I am studying calculus and have arrived at the first FTC. In our book it states that:

let $f: [a,b]\to\mathbb{R}$ be continuous on the interval $[a,b]$ then we define the function $F_f : [a,b]\to\mathbb{R} : x \mapsto F_f(x) := \int_a^x f(t)\,dt$

Then these properties hold:

• $F_f$ is continuous on $[a,b]$
• $F_f$ is differentiable on $]a,b[$
• $F_f$ is a primitive for $f$

The proof of the last two properties are quite understandable and also easy to find. However I am confused about the first property (supposedly the most straightforward one) where it states:

The continuity of $F_f$ follows immediately from the fact that for every $x,y \in [a,b]$ we have:

$|F_f(x) - F_f(y)| = \int_a^x f(t)\,dt - \int_a^y f(t)\,dt| = |\int_y^x f(t)\,dt| \leq \max_{x \in [a,b]} |f(x)|\cdot |x-y|$

Now here is what I am not sure of:

• Where it says $\max_{x \in [a,b]} |f(x)|$ are we talking about a different $x$ here? Like it could have been $\max_{t \in [a,b]} |f(t)|$, right?

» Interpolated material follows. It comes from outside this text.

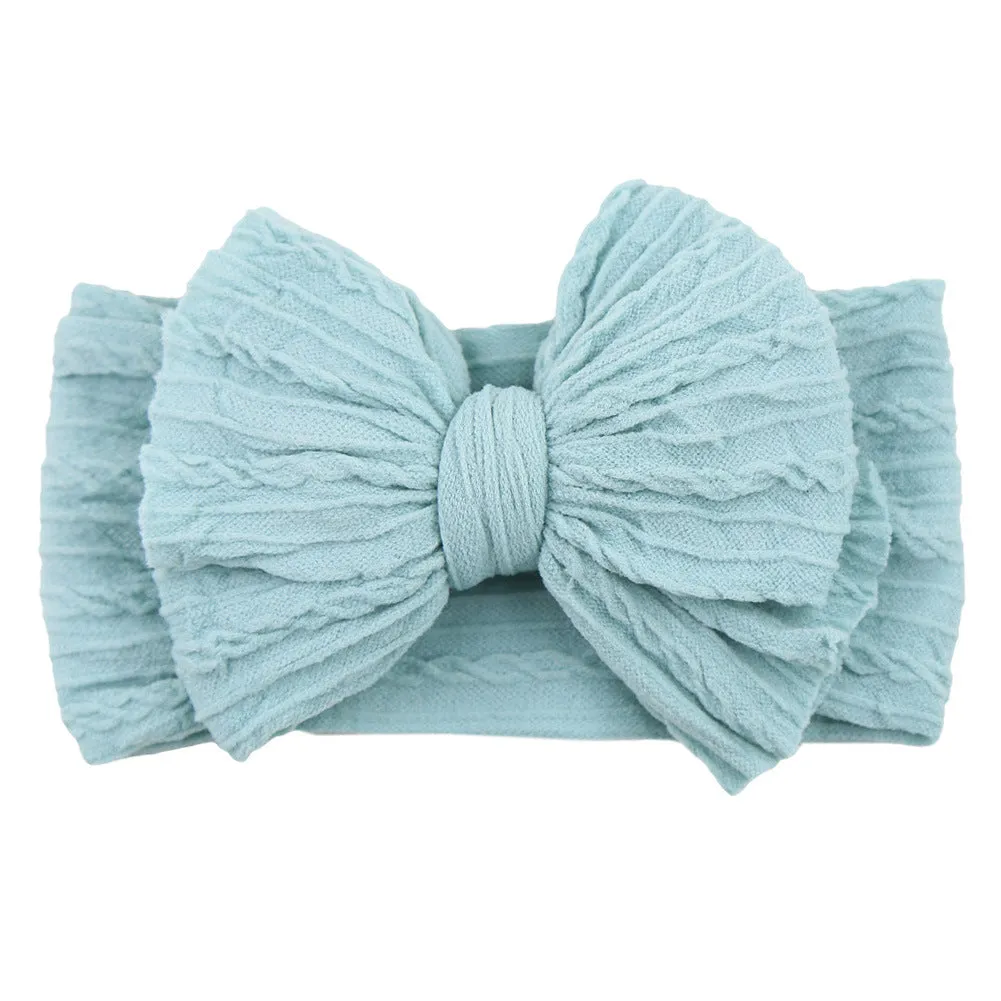 Handmade stretchy nylon baby headband with bow on newborn girl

• This statement seems true enough and understandable (assuming the above) however: how does continuity of $F_f$ follow from it?

Answer 1

• Right.
• Call it $M$. That is, let $M=\sup_{x\in[a,b]}\bigl\lvert f(x)\bigr\rvert$. Then$$(\forall x,y\in[a,b]):\bigl\lvert F_f(x)-F_f(y)\bigr\rvert\leqslant M\lvert x-y\rvert.$$So, for any $\varepsilon>0$, if you take $\delta=\frac\varepsilon M$, then$$\lvert x-y\rvert<\delta=\frac\varepsilon M\implies\bigl\lvert F_f(x)-F_f(y)\bigr\rvert\leqslant M\lvert x-y\rvert<M\frac\varepsilon M=\varepsilon.$$

Answer 2

$F$ is continuous if

$\lim_\limits{x\to y} F(x) = F(y)$ for all $y$ in $[a,b]$

$\forall\epsilon>0,\exists \delta >0,\forall x,y \in [a,b]: |x-y|<\delta \implies |F(x) - F(y)|<\epsilon$

$F(x) - F(y) = \int_a^x f(x) \ dx - \int_a^y f(x) \ dx = \int_y^x f(x) \ dx$

$f(x)$ is bounded over the interval, and has a least upper bound. Let $M$ be the least upper bound of $|f(x)|$

$M = \sup \{|f(x)|: x\in[x,y]\}$

$|\int_y^x f(x) \ dx| \le |x-y|M$

$\delta = \frac {\epsilon}{M}$

$F(x)$ is continuous.